Don’t Keep Her Waiting!
In the space above the garage, we found a mannequin in a frilly dress set up looking directly at the entrance.
A Picture Is Worth a Thousand Words
I found a very large, colored-in black and white photograph in an ornate gilded frame in the attic. The photo showed a young child in a white lacy dress, wearing a cowboy hat and boots, standing on the steps of a city building with a pony. The building in the photo was clearly a style of architecture that isn’t found anywhere near where I live.
Also, the child was the ugliest child any of us had ever seen. Scary ugly. I wasn't even envious about the pony—that kid was just so ugly.We hung the photo in a prominent spot, and would make up a story about the person/pony/photo, taking turns. We left the thing in the attic when we sold the house. Didn't seem right to take it.

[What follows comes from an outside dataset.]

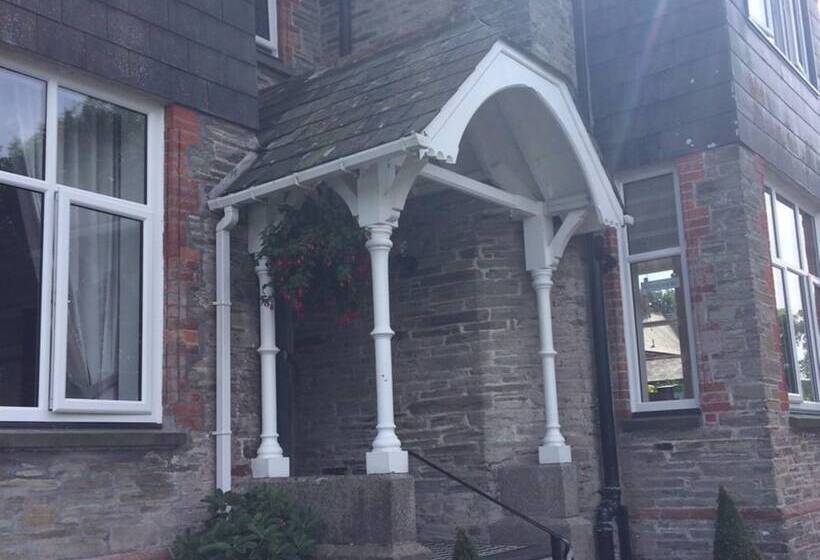 Bed and Breakfast Boscastle House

Shedding Some Light on the Past
I grew up in the middle of nowhere, deep in rural southern Idaho. The farm my folks rented was very odd. There was a ton of old farm equipment from the 40s and 50s. As well as several (about ten) old 50s cars just scattered around the property and hidden in the tree line. The owner had a small shed on the property she asked us to never open. No worries. It sat between the garage and an old mobile home trailer that was never used.

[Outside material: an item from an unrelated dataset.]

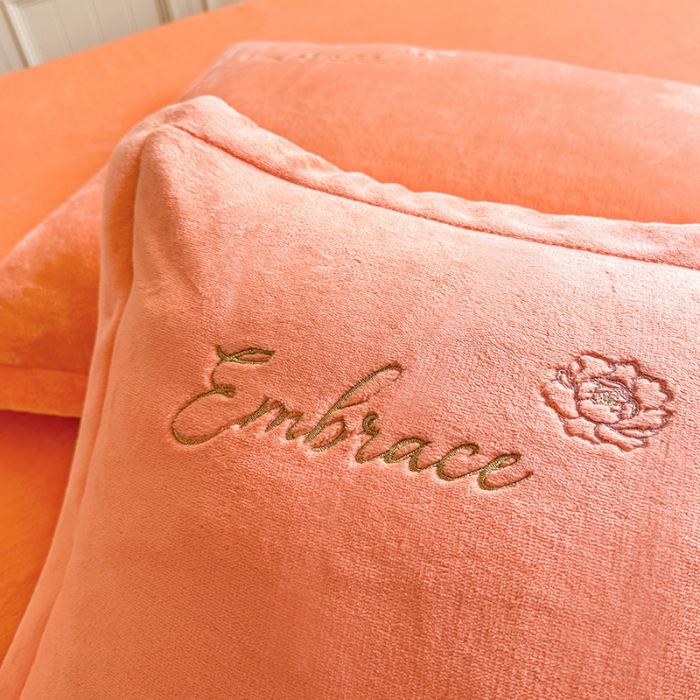 91家纺网 家纺一手货源 找家纺 （总）漫布云2025秋冬新款高克重全消光大版花卉平绣牛奶绒刺绣款床单床裙款四件套 绽放-艾玛橙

We moved away and, shortly after, the owner died. The new property owners went into the shed and found tons of old WWII stuff and older equipment. Guns. Bayonets. A Nazi flag. All sorts of things. This shed even had an old-school dirt wall basement that had old radios and tons of other crazy stuff.
Gold Rush
I found a gold wedding band in one of the garden beds. It was sheer luck that the rotary hoe didn’t destroy it. I let the real estate agent know about it and asked if the previous owner knew whose it was. Turns out the ring belonged to the previous owner’s late husband of 50 years. He had died five years prior, but had lost the ring the first day they moved into the house 45 years earlier. The ol' girl was in tears when I handed it back, and rightly so I think!
If These Walls Could Talk
When I was in middle school one of my brothers’ friends that lived down the street went missing. She had an older boyfriend who also lived on the same street. He was allegedly the last person to see her and the story was that she had left his house late at night to walk home, and he never got the usual phone call that she got home safe.
After 24 hours of not hearing from her, he and her family filed a missing person. Eventually, the search parties stopped, the missing posters were taken down, and she was deemed as lost. Fast forward to a couple years later. The boyfriend had been moved out of the house for a while now, a new family moves in. The kids are playing in the woods behind the house, and they find her bones.
The skull was totally bashed in and a disturbing amount of her bones were broken. She was beaten to death. The worst part was the remains were no more than 6 feet from the house. I have no idea why the cops hadn't found them, but it really sparked a debate in our town about how serious our police force is.